La figura de Bolívar, al contrario, fue descendiendo en la interpretación de Valero al punto de convertirse en un pigmeo de dimensiones deplorables hacia el final de la película.
Para hablar de las escasas habilidades histriónicas del protagonista, bastaría con afirmar que su manejo de la espada y de las armas resulta tan lamentable como su verbo: un Bolívar gritón, sin genio, sin fuerza, sin relieve, sin matices, tan gris y predecible como el guión mismo: superficial y sin ninguna profundidad psicológica.
Igual de plano resulta el resto de los personajes, en especial María Antonia. Ni una actriz como Beatriz Valdés pudo sacarle algo a ese compendio de tópicos racistas en el cual convirtieron a la hermana de Bolívar. Ni hablar del diálogo expositivo que predomina en esta escena, donde los personajes solo brindan información al público y donde no hay ninguna clase de subtexto.
Al único actor al que se le puede creer una palabra en toda la película es a Miguel Ferrari, quien en el papel de El Pacificador Pablo Morillo sobresale por su fuerza. Lástima que no haya tenido una mayor participación, ya que, en manos de Jorge Reyes, el film termina de hundirse sin una figura antagónica creíble.
La responsabilidad de todo esto no puede ser de más nadie que del propio director, que fue quien decidió aceptar esta propuesta que de por sí ya traía demasiado alto el listón: hubiera preferido unos logros más modestos, a nivel actoral y de guión, antes que estos caricaturescos combates cuerpo a cuerpo donde todos parecen tenerle grima y terror a las espadas.

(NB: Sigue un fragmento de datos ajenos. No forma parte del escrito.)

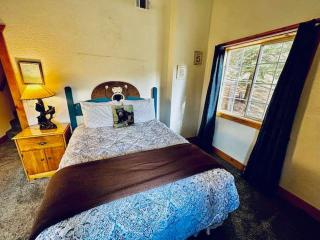 Cozy Bear South-Inside Yosemite-Sleeps 5 - 1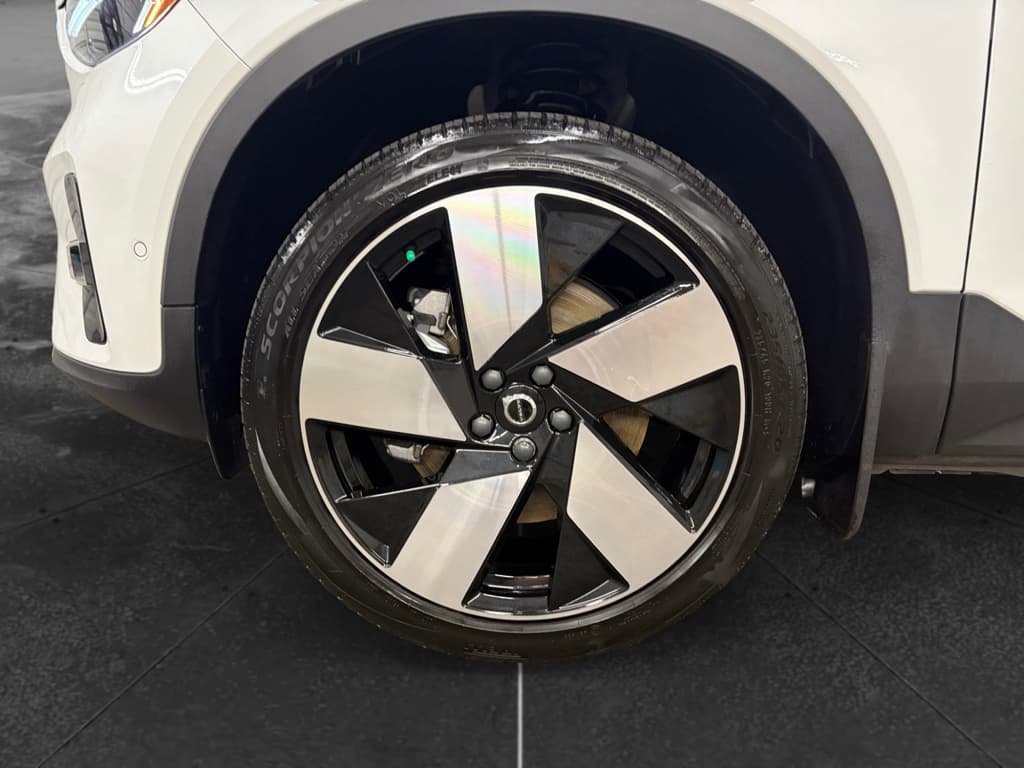 2023 Volvo XC40 view 32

Los medios audiovisuales utilizados para narrar están más alineados con la estética de las telenovelas que con el lenguaje cinematográfico. La música como comentario a las imágenes resulta un recurso barato. Una cámara en mano que en vez de agregar, resta a la narración, luce injustificable en la era del steady-cam.

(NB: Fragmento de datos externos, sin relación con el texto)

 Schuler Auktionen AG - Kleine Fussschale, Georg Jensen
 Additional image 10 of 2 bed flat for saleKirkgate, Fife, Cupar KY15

Otros fallos actorales como el fingimiento de los acentos (un británico que habla como gringo y una Jeanne Bourvil que arrastra las erres imitando de forma paupérrima la pronunciación del francés), arruinan un esfuerzo colectivo que merecía un mejor término que no fuera el de su propia parodia. Pero es que la película es así, como Maduro es al país: una especie de caricatura, de remedo de la historia, un sainete triste y melancólico. Si estos hombres que representan a nuestros Libertadores hubieran tenido en sus manos el destino de la Patria, hoy estaríamos en manos no de Raúl Castro, sino de Winston Vallenilla. Afortunamente, tenemos patria soberana. Una potencia mundial floreciente que nos legó el Comandante Eterno. Así al menos es como nos lo quiere vender esta delirante narrativa épica que es el chavismo, que insiste con sus mitos de medio pelo batallando contra los gigantes molinos de viento que habitan su imaginación calenturienta. Y todavía hay muchos (demasiados) que se lo creen.